MATERIAL TO PROCESS.
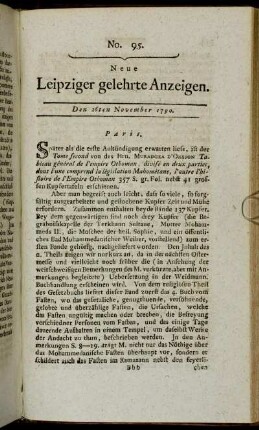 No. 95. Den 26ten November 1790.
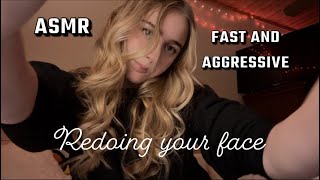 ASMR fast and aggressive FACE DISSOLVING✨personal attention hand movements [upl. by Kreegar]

---

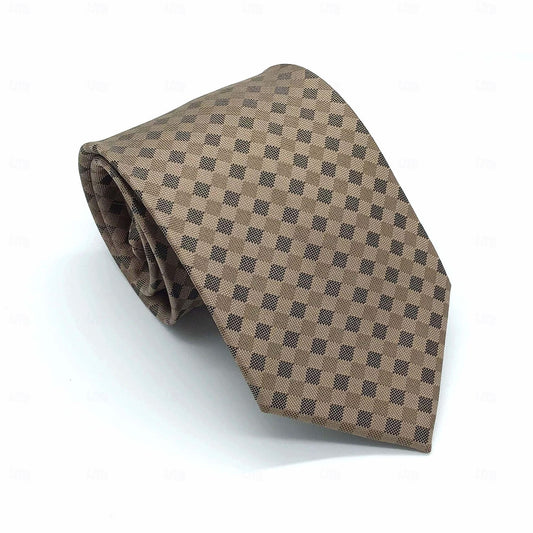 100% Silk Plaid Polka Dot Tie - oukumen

EXERCISE DESCRIPTION. When you reach the line that has "No. 95. Den 26ten November 1790." in the data above, start repeating lines exactly, and stop after the line that has "ASMR fast and"; pictures stay out.

RESPONSE BOX.
 No. 95. Den 26ten November 1790.
 ASMR fast and aggressive FACE DISSOLVING✨personal attention hand movements [upl. by Kreegar]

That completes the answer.